[What to produce] A verbatim printing of the entries that follow is needed; pictures must not appear in it.

[Dataset records]
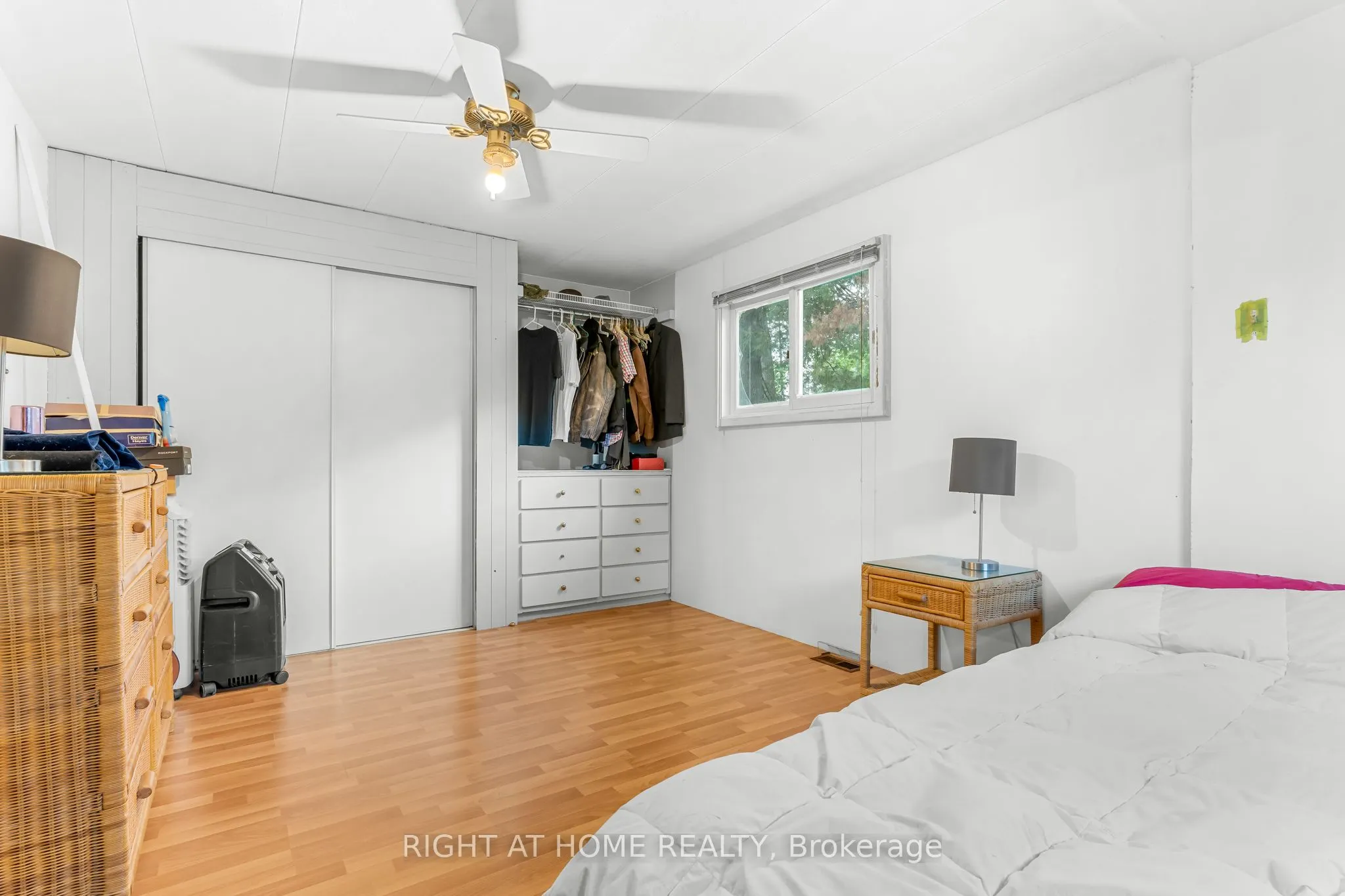 3 Carruthers Street S
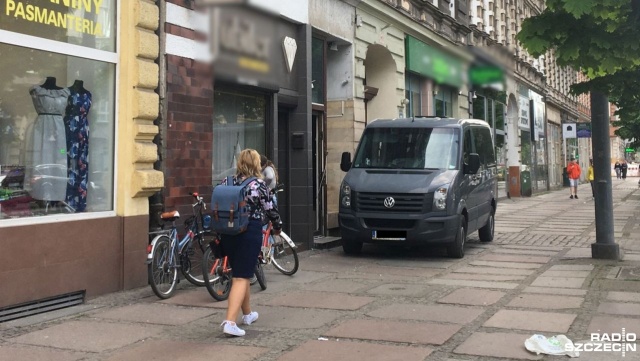 Funkcjonariusze Izby Administracji Skarbowej oraz Policji weszli do jednego z lokali w centrum Szczecina przy ul. Krzywoustego.
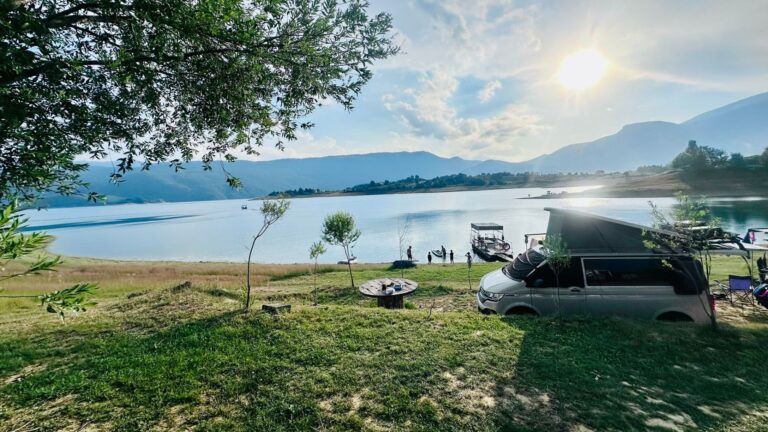 Unser VW Bus auf einem naturnahen Campingplatz in Bosnien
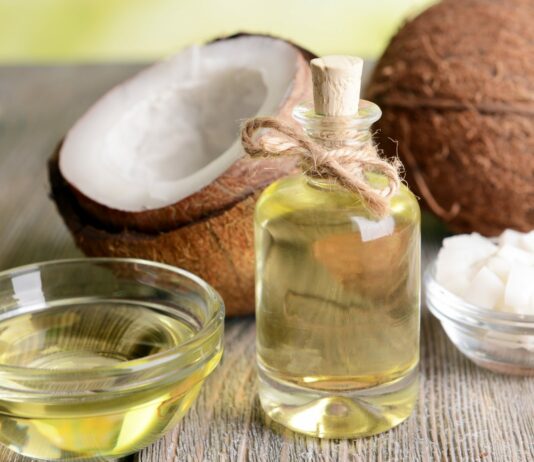 Beneficios del aceite de coco | Un excelente remedio natural Beneficios del aceite de coco | Un excelente remedio natural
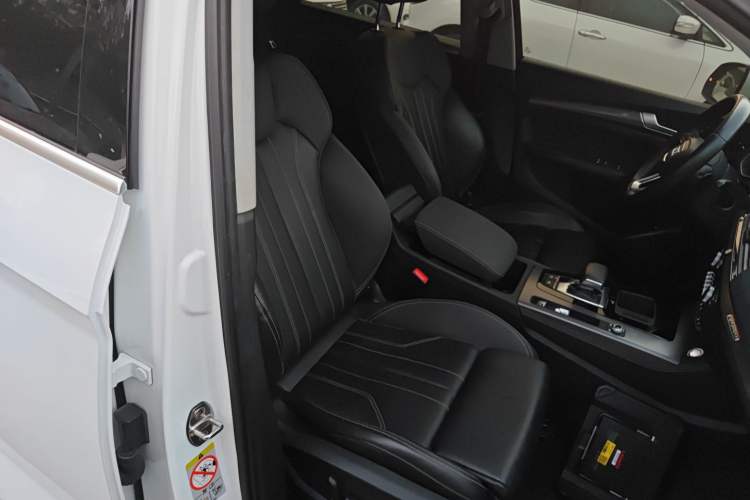 Used Audi Q5L 2022 40T Luxury Dynamic Model
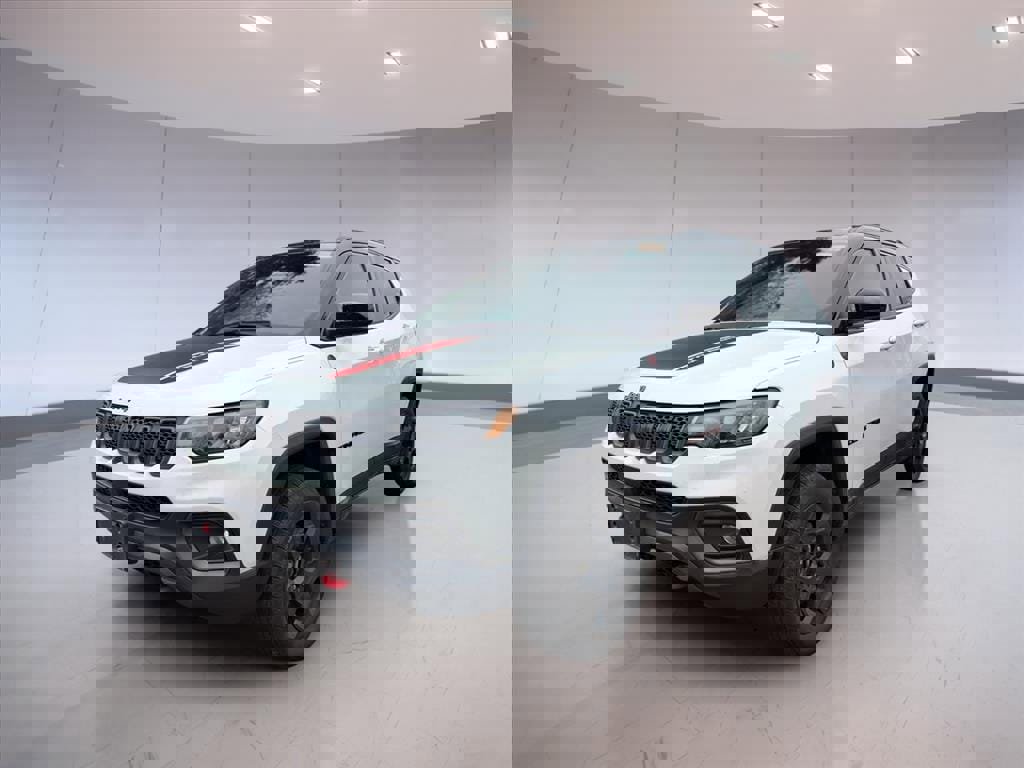 Used 2023 Jeep Compass Trailhawk image 2
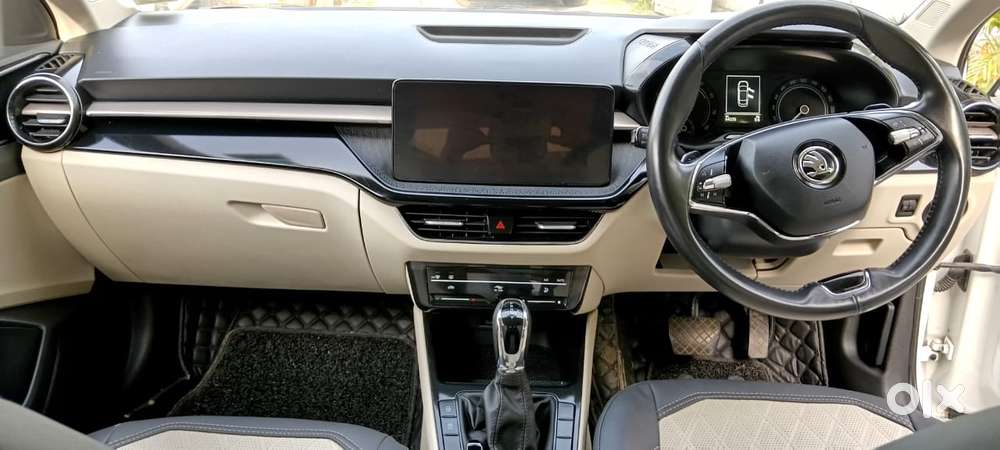 Skoda Slavia 1.0 Ambition Tsi, 2022, Petrol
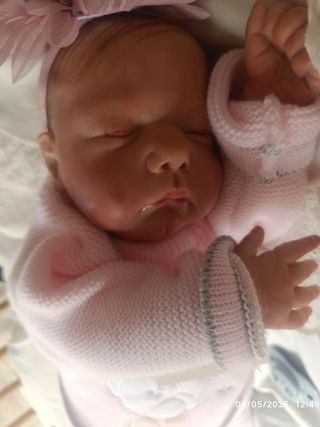Bebé Reborn niña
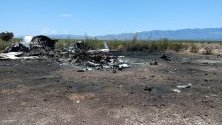 Снимка на разбит частен самолет, който изчезна в северната мексиканска държава Коауила по пътя от американския град Лас Вегас и се намира в планинска верига в Монклова, Мексико. Всички 13 обитатели на борда са били убити при катастрофата, според Държавната дирекция за гражданска защита.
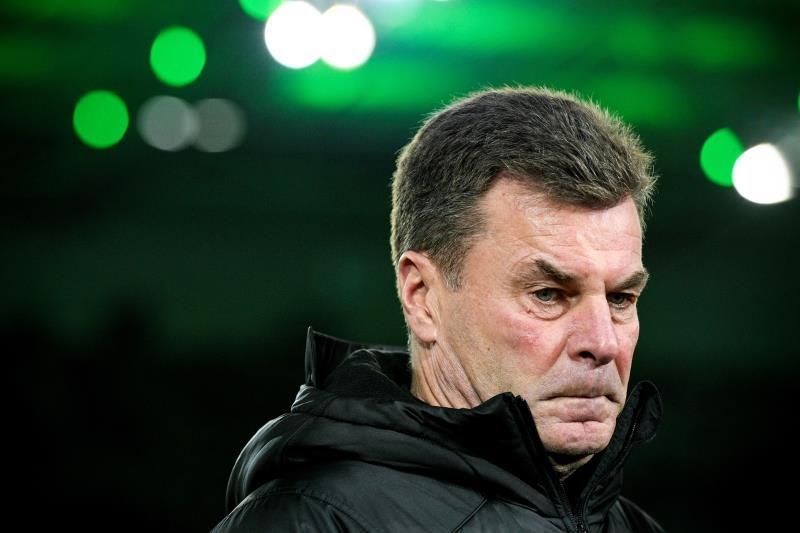 Hecking dejará de entrenar al Mönchengladbach al final de la temporada
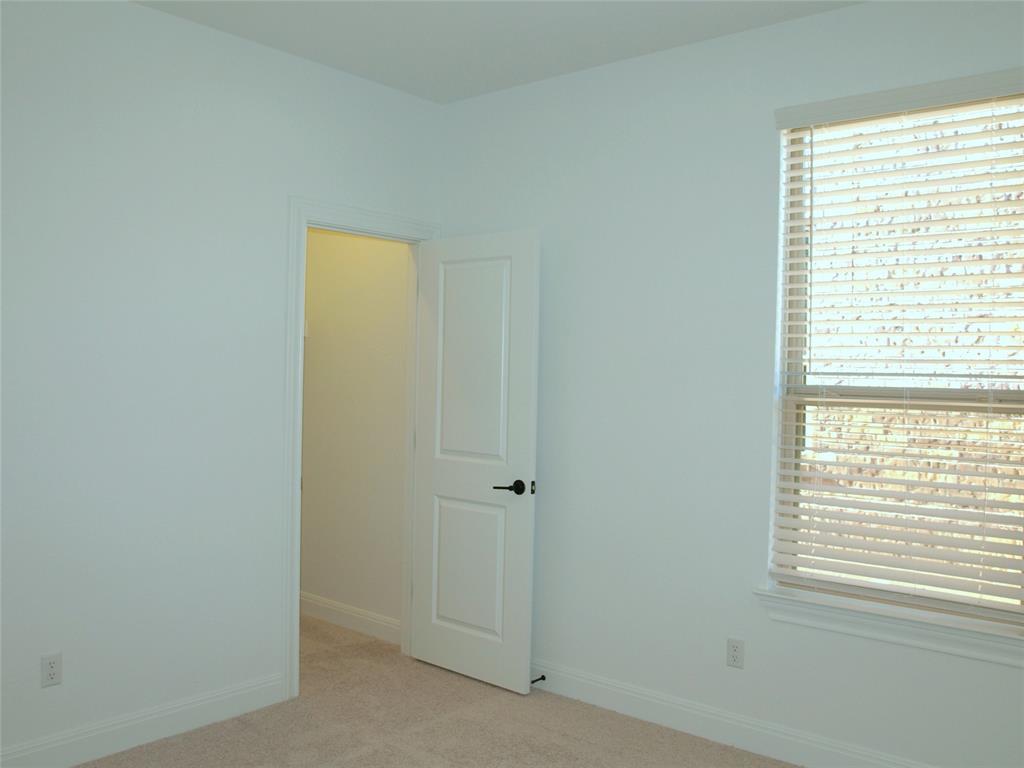 136 Raleigh Dr Property Photo 21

[Solution for this exercise]
 3 Carruthers Street S
 Funkcjonariusze Izby Administracji Skarbowej oraz Policji weszli do jednego z lokali w centrum Szczecina przy ul. Krzywoustego.
 Unser VW Bus auf einem naturnahen Campingplatz in Bosnien
 Beneficios del aceite de coco | Un excelente remedio natural Beneficios del aceite de coco | Un excelente remedio natural
 Used Audi Q5L 2022 40T Luxury Dynamic Model
 Used 2023 Jeep Compass Trailhawk image 2
 Skoda Slavia 1.0 Ambition Tsi, 2022, Petrol
Bebé Reborn niña
 Снимка на разбит частен самолет, който изчезна в северната мексиканска държава Коауила по пътя от американския град Лас Вегас и се намира в планинска верига в Монклова, Мексико. Всички 13 обитатели на борда са били убити при катастрофата, според Държавната дирекция за гражданска защита.
 Hecking dejará de entrenar al Mönchengladbach al final de la temporada
 136 Raleigh Dr Property Photo 21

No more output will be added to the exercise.